— WORK TASK —
Copy out the whole listing exactly as written, leaving the pictures behind.
----- DATASET CONTENT
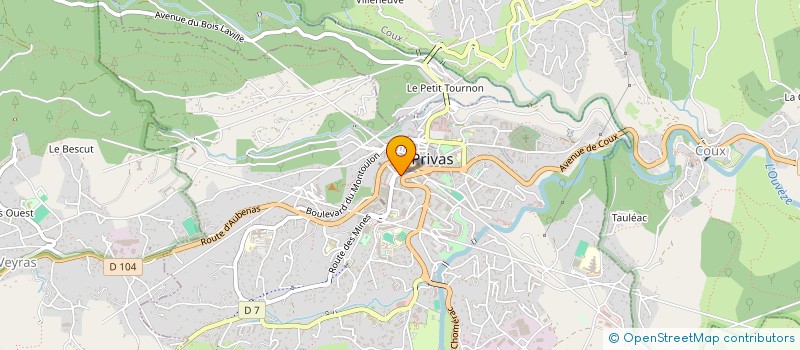 localisation de l'entreprise COMITE DEPARTEMENTAL DE DANSE DE L ARDECHE à PRIVAS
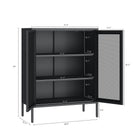 Manhattan Comfort Amelia Modern 32" Metal Accent Cabinet in Black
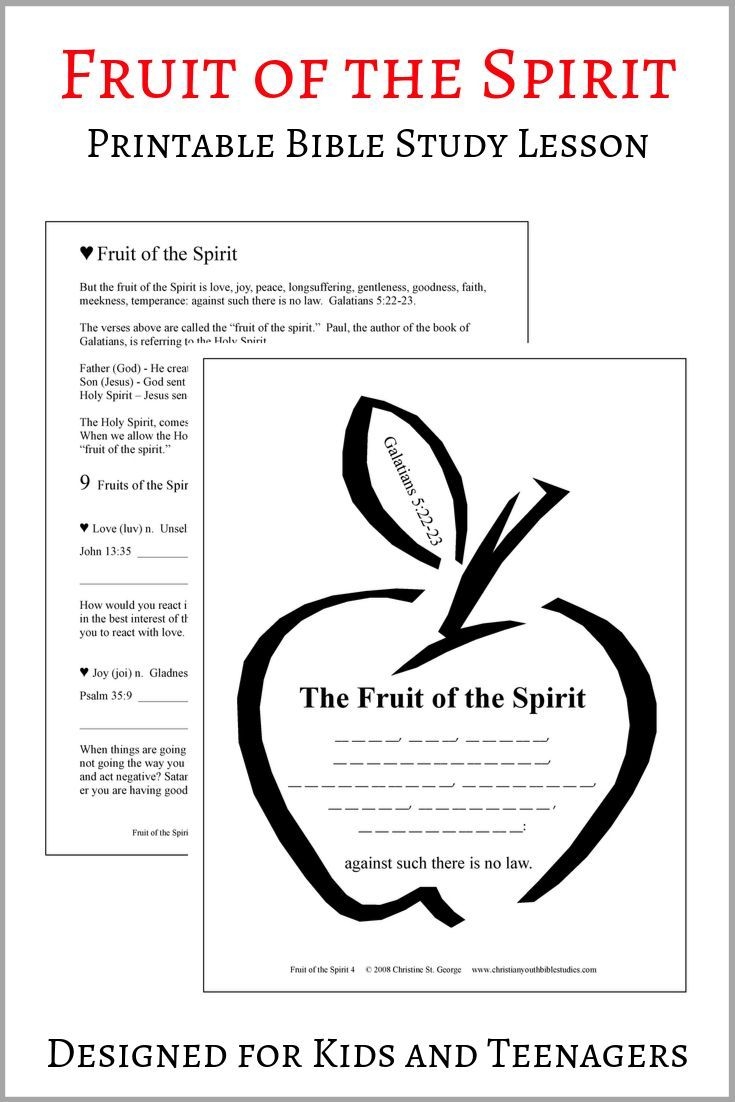 FREE Printable Bible Study Lesson For Kids Teens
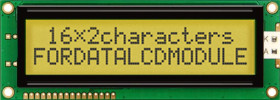 Wyświetlacz graficzny LCD, , Alfanumeryczny, podświetlanie LED, Fordata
----------
— EXERCISE ANSWER —
 localisation de l'entreprise COMITE DEPARTEMENTAL DE DANSE DE L ARDECHE à PRIVAS
 Manhattan Comfort Amelia Modern 32" Metal Accent Cabinet in Black
 FREE Printable Bible Study Lesson For Kids Teens
 Wyświetlacz graficzny LCD, , Alfanumeryczny, podświetlanie LED, Fordata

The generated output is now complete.